▸ **Your task**: Your task is to reproduce the listing exactly, without its images.

▸ **Supplied data**:
========
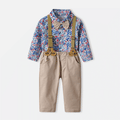 Wholesale new arrivals: children's clothing sets - boys' formal wear, long-sleeved floral shirt with bow tie, spring/summer overalls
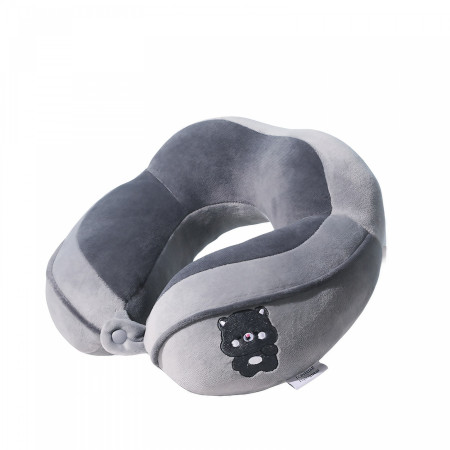 Perna de Calatorie,  Pentru Gat si Cap, Umplutura din Bumbac, 28x28x10 cm, cu Model Brodat Urs, Gri
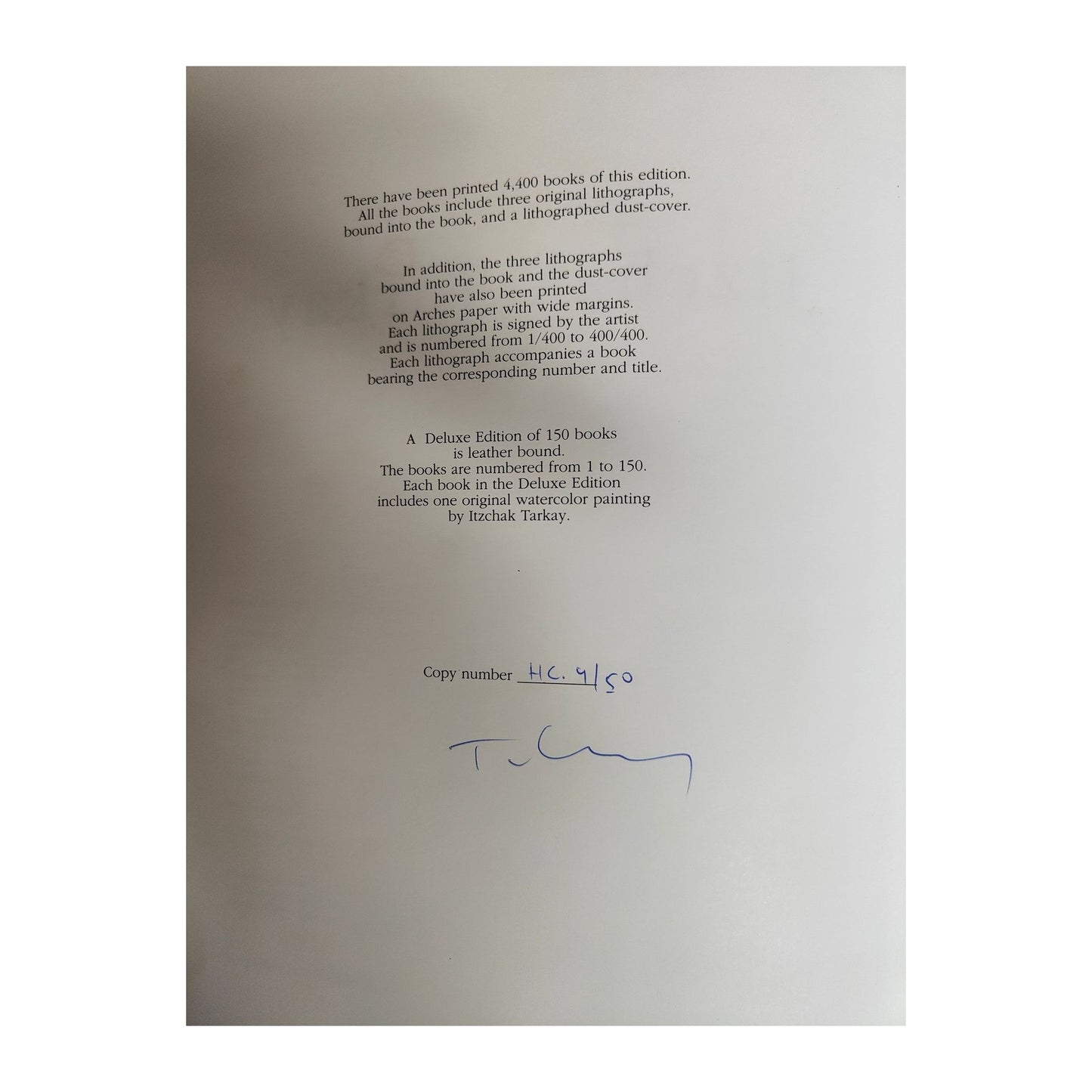 Catalogue Works on Paper d’Itzchak Tarkay, signé au stylo et justifié H.C. 4/50, édition Perry Art Gallery New York, œuvre rare pour collectionneurs d’art.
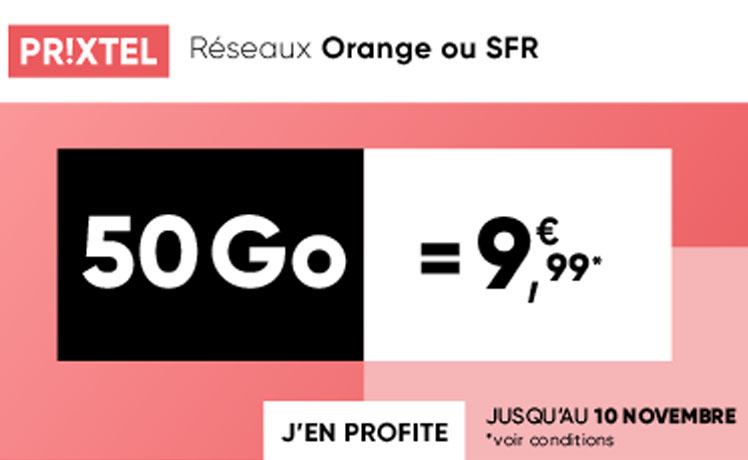 Forfait mobile illimité 50 Go à 9.99€ avec Prixtel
========
▸ **Written reply**:
 Wholesale new arrivals: children's clothing sets - boys' formal wear, long-sleeved floral shirt with bow tie, spring/summer overalls
 Perna de Calatorie,  Pentru Gat si Cap, Umplutura din Bumbac, 28x28x10 cm, cu Model Brodat Urs, Gri
 Catalogue Works on Paper d’Itzchak Tarkay, signé au stylo et justifié H.C. 4/50, édition Perry Art Gallery New York, œuvre rare pour collectionneurs d’art.
 Forfait mobile illimité 50 Go à 9.99€ avec Prixtel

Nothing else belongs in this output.